COLLECTED DATA:
★ ★ ★
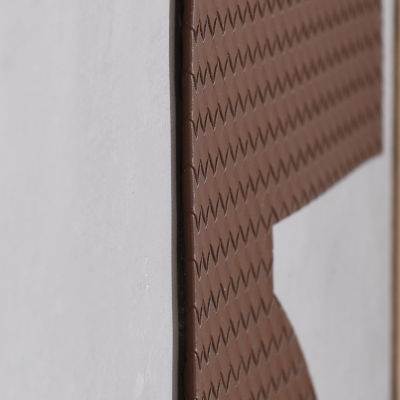 Stylecraft Abstract Leather Ii Mixed Media Canvas Art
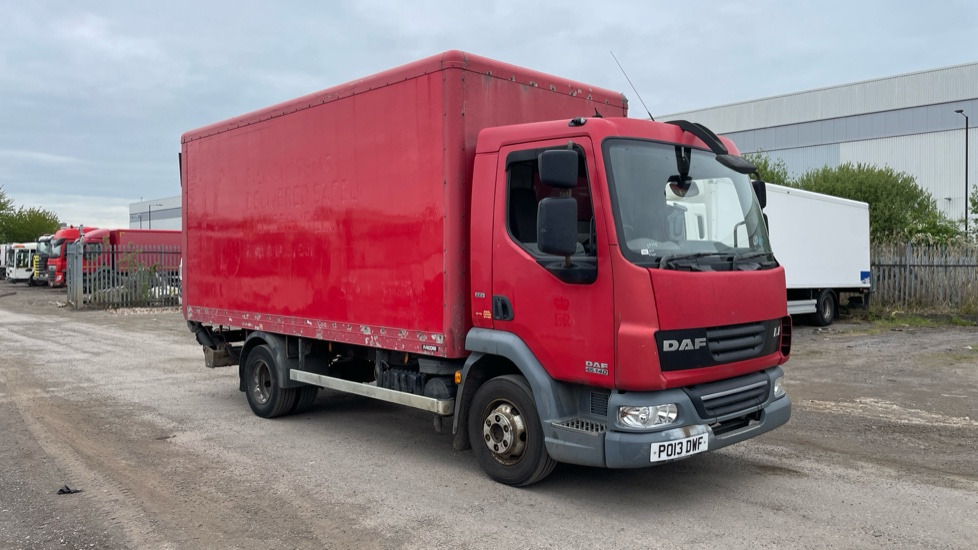 DAF LF 45.140 7.5 TONNE - Box truck: picture 1 DAF LF 45.140 7.5 TONNE - Box truck: picture 1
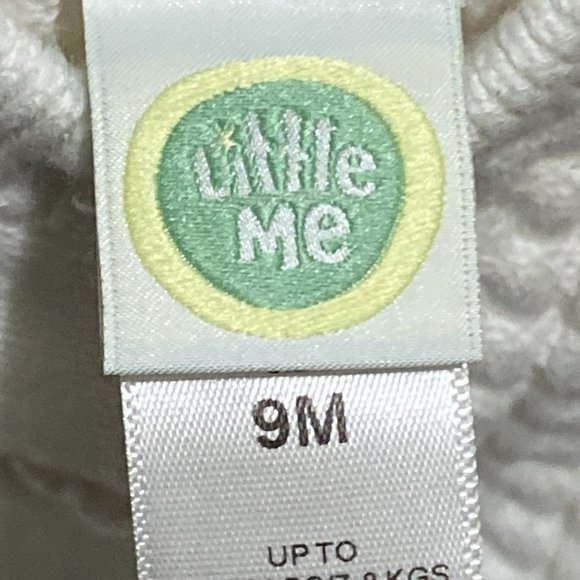 Little Me ❤️ Baby 100% Cotton Sweater Size 9 Months (PRE-LOVED) - Picture 3 of 5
★ ★ ★
ACTIVITY:
Repeat the data exactly, dropping every picture it holds.

TASK OUTPUT:
 Stylecraft Abstract Leather Ii Mixed Media Canvas Art
 DAF LF 45.140 7.5 TONNE - Box truck: picture 1 DAF LF 45.140 7.5 TONNE - Box truck: picture 1
 Little Me ❤️ Baby 100% Cotton Sweater Size 9 Months (PRE-LOVED) - Picture 3 of 5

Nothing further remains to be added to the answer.